American Revolution American Memory
On July 4th, 1776 the Continental Congress approved the Declaration of Independence in Philadelphia, the birthplace of American Independence. The paintings hung here span from the conclusion of the American Revolution, with the 1783 double portrait of the great financiers of the war, Gouverneur Morris and Robert Morris, to the early days of the young republic with Charles Willson Peale’s self-portrait, The Artist in His Museum, completed in 1822.

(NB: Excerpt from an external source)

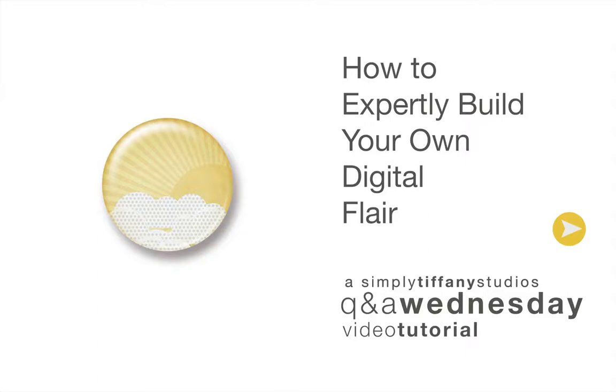Hi everyone, Tiffany Tillman here with another Q&A Wednesday video, a weekly feature at simplytiffanystudios.com dedicated to answering your digital scrapbooking questions. Let's dive right into today's topic.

In this iconic painting Peale, a founder of PAFA and a revolutionary himself depicts his first museum, which once occupied the second floor of the building known today as Independence Hall. As Peale tantalizingly pulls back a red curtain, you can see his gallery of American wildlife, natural history, and American “worthies”—the men he admired for their roles in the American Revolution, such as Benjamin Franklin and George Washington, whose portraits hang here today. Although women were not included in Peale’s gallery of worthies, they played an important part in the society that has come to be known as the “Republican Court”—a social and political network of men and women presided over by Martha and George Washington. Here Martha Washington watches over the ladies of the Republican Court—a generation of learned, sophisticated women captured in their simple elegance by the cosmopolitan artist Gilbert Stuart—much as she watched over them and their potential husbands during the balls, teas, and assemblies fashionable in early national Philadelphia. Placed today side by side the worthies in Peale’s gallery, the ladies of the Revolution and early republic are remembered today for being active partners with their husbands, fathers, and brothers in inventing and cultivating the artistic, social, and political networks that would define the new United States of America.